Vehicle crashing into security gate



Gate crashing is currently one of the most favourable methods that suspects are using to gain access to properties. Although the number of cases of traditional gate crashing – where suspects use vehicles to smash through gates – is not too significant, the modus operandi of lifting gates off their rails, forcing them open, or breaking the gate motor, is widely used. The Durban North and Umhlanga areas, as well as those in Upper Highway are currently being hard hit by such methods of access.
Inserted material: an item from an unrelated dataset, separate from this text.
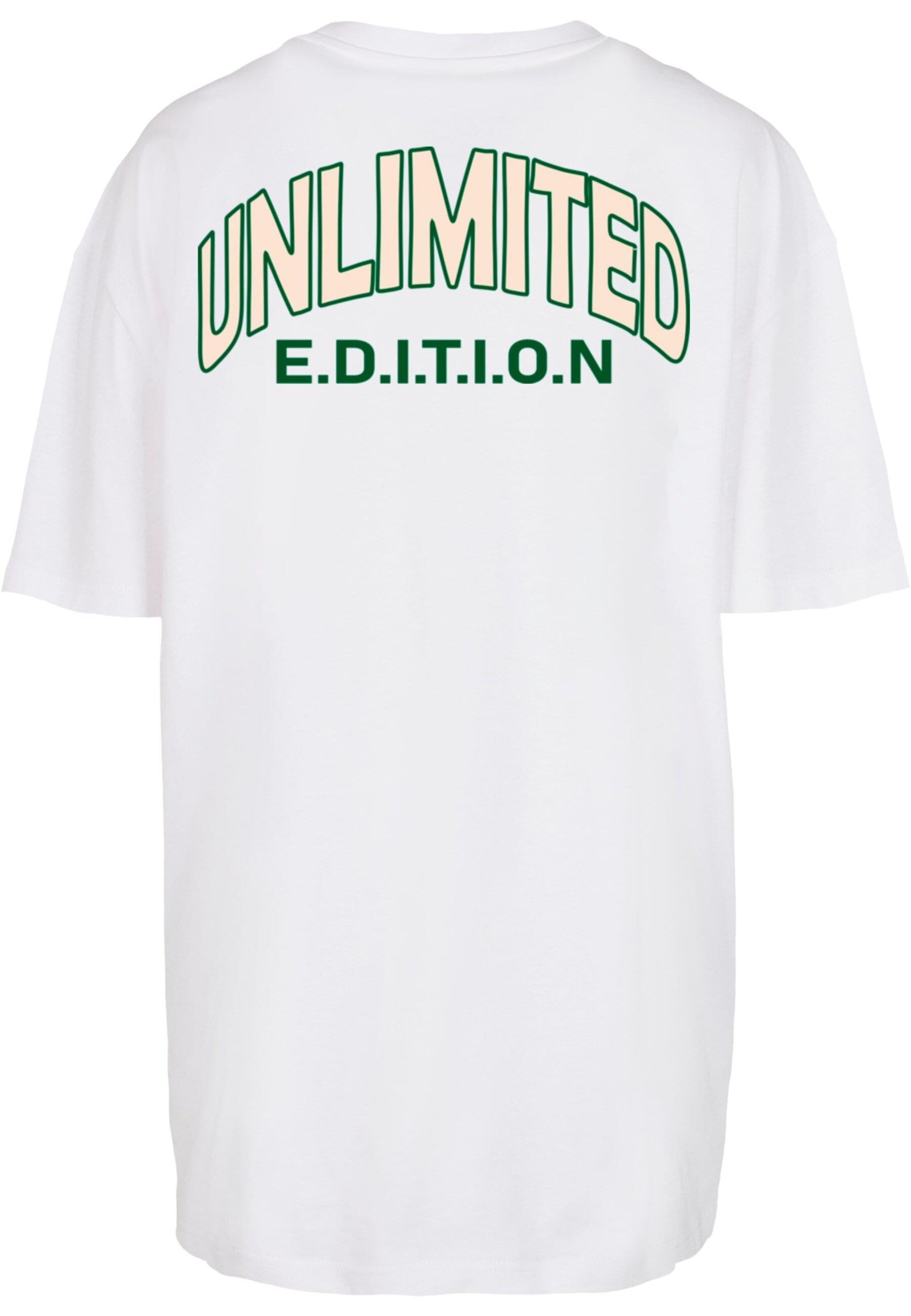 Merchcode Oversized shirt 'Unlimited Edition' in Wit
In the past few months, there have been numerous cases of gate crashing recorded in Durban, both in residential and business robberies, and home invasions. December was particular favourable for forced entry and gate crashing of business properties, particularly during the two-week period over Christmas and New Year, when many businesses closed. However, the modus operandi was also used in residential robberies and break-ins throughout the greater Durban area during December and January. Incidents at both homes and businesses were recorded in Springfield Park, Briardene, Effingham Heights, Seaview, Stamford Hill, Umbilo, New Germany, Morningside, Gillitts, and Kloof. Once the suspects derailed the driveway gates, they more commonly gained entry into homes and businesses by forcing open other doors and gates. These incidents were recorded mostly in the early mornings and early-to late-evenings. The majority of items stolen included computers, electronic items such as TVs and gaming equipment, jewellery, and tools. In February and March, Morningside businesses were under siege by gangs who derailed gates and forced themselves into offices by use of crow bars and bolt cutters, although these business crimes are currently spiking in Springfield Park and Briardene. North Durban suburbs have also seen a spike in break-ins and attempted break-ins in which properties’ main or driveway gates are being derailed or tampered with. Incidents are occurring both during the day and in the evenings. Suspects who do use vehicles to smash through gates are usually driving hired or stolen vehicles, often luxury cars. In addition to suburbs in the Upper Highway and North Durban areas, other areas which have seen gate derailments recently include Glenwood, Durban/Umgeni Road area, Glenmore, Manor Gardens, Bellair, Shallcross, Berea, Morningside, and Westmead.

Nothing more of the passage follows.